Reputation: 235
I have a large sparse matrix in the form of a scipy coo_matrix
(size of 5GB). I have to make use of the non-zero entries of the matrix and do some further processing.
What would be the best way to access the elements of the matrix? Should I convert the matrix to other formats or use it as it is? Also, could you please tell me the exact syntax for accessing an element of a coo_matrix
? I got a bit confused since it doesn't allow slicing.
Upvotes: 0
Views: 1254
Reputation: 74154
First let's build a random COO matrix:
import numpy as np
from scipy import sparse
x = sparse.rand(10000, 10000, format='coo')
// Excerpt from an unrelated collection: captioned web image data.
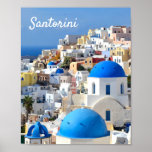 Santorini, Greece - Travel Poster ポスター<br><div class="desc">Santorini,  Greece - Travel Poster</div>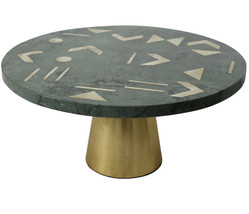 Green Marble Cake Stand with Gold Metal Inlay and Base, Large (12&quot;) - £171.26 GBP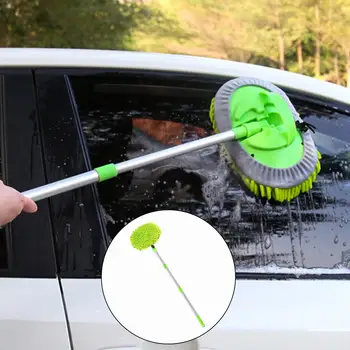 Щетка для мытья автомобиля с длинной ручкой из алюминиевого сплава, подходящая для фургона на колесах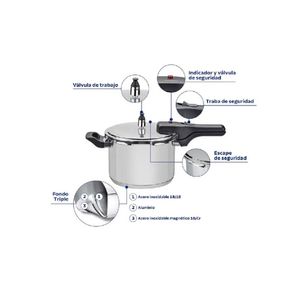Olla a presión Tramontina de acero inoxidable 6 LITROS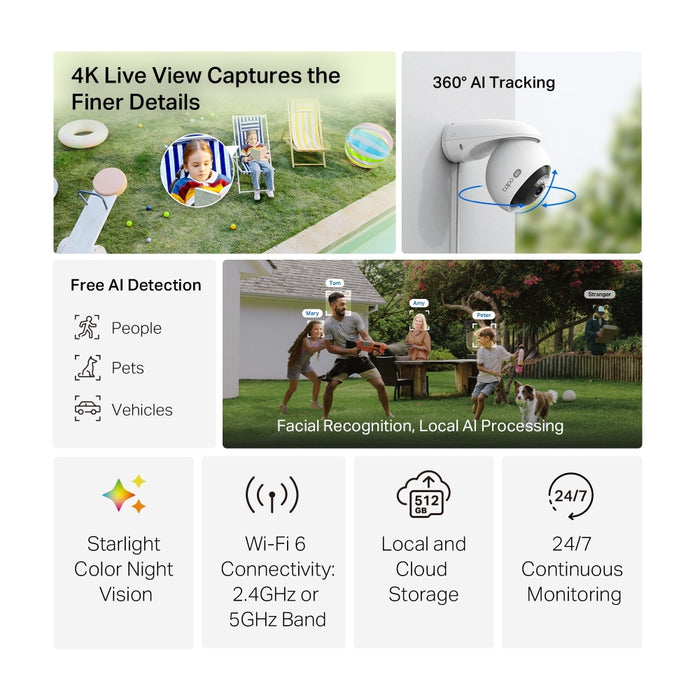 Tapo C560WS | Outdoor Pan/Tilt Security Wi-Fi Camera, 4K 8MP, AI Detection
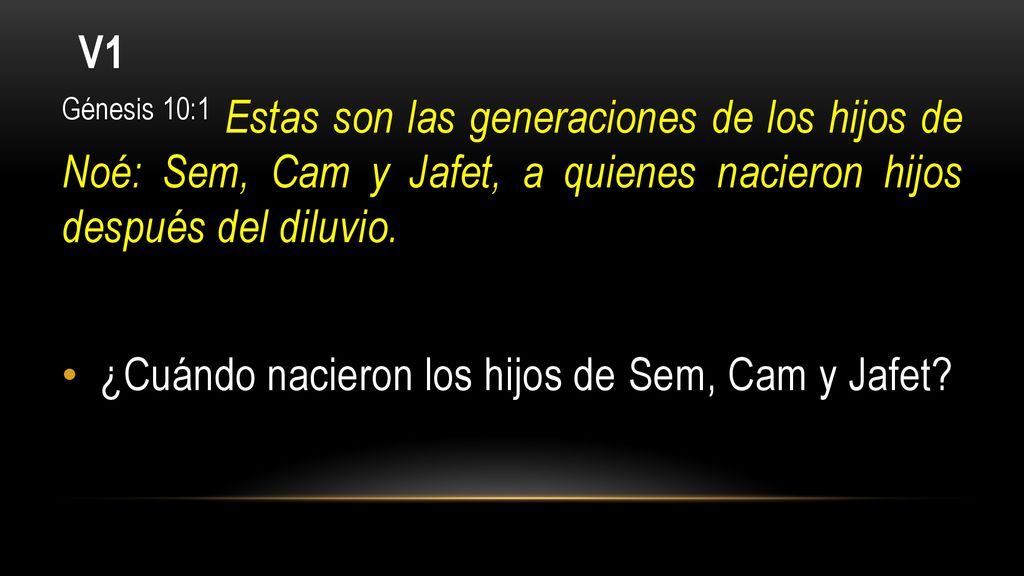 V1 Génesis 10:1 Estas son las generaciones de los hijos de Noé: Sem, Cam y Jafet, a quienes nacieron hijos después del diluvio.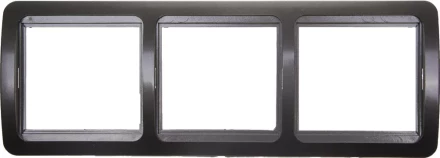 Панель СВЕТОЗАР &quot;ГАММА&quot; накладная, горизонтальная, цвет темно-серый металлик, 3 гнезда SV-54148-DM купить в Ноябрьске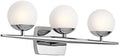 3 Light Halogen Vanity Light with Satin Etched Cased Opal Glass Chrome J5459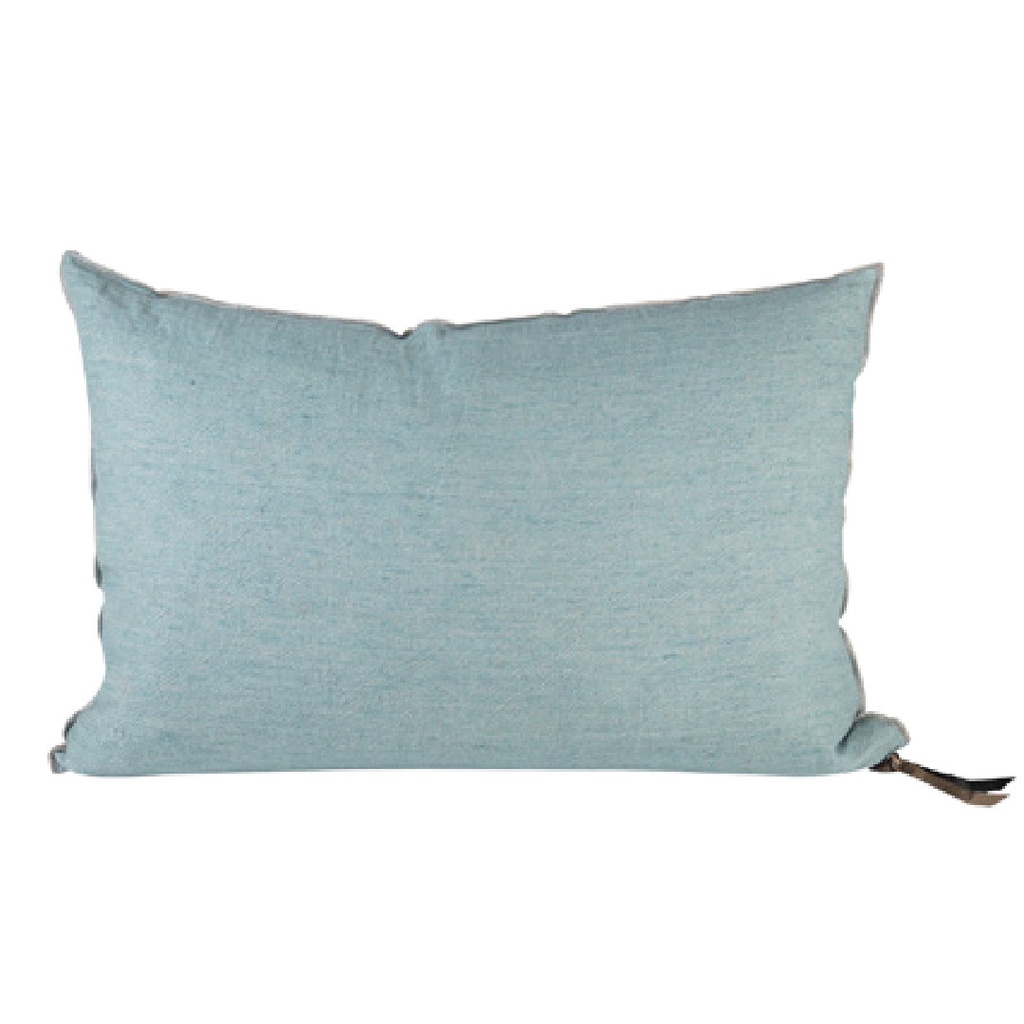 Coussin Vice Versa Lin Lavé Froissé - aqua / givré (65 x 65 cm)
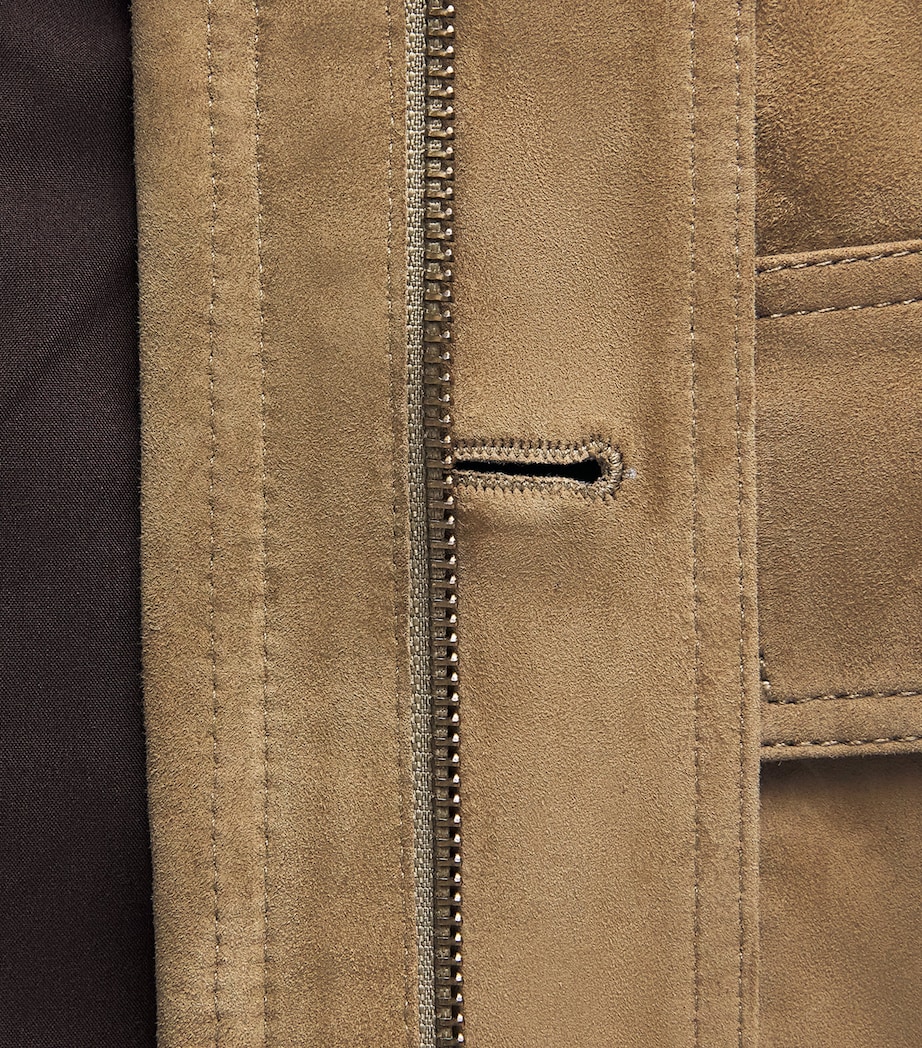 Arma Womens Lamb Suede Mira Jacket Olive Image 6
The non-zero values are found in the .data
attribute of the matrix, and you can get their corresponding row/column indices using x.nonzero()
:
v = x.data
r, c = x.nonzero()
print np.all(x.todense()[r, c] == v)
# True
With a COO matrix it's possible to index a single row or column (as a sparse vector) using the getrow()
/getcol()
methods. If you want to do slicing or fancy indexing of particular elements then you need to convert it to another format such as lil_matrix
, for example using the .tolil()
method.
You should really read the scipy.sparse
docs for more information about the features of the different sparse array formats - the appropriate choice of format really depends on what you plan on doing with your array.
Upvotes: 1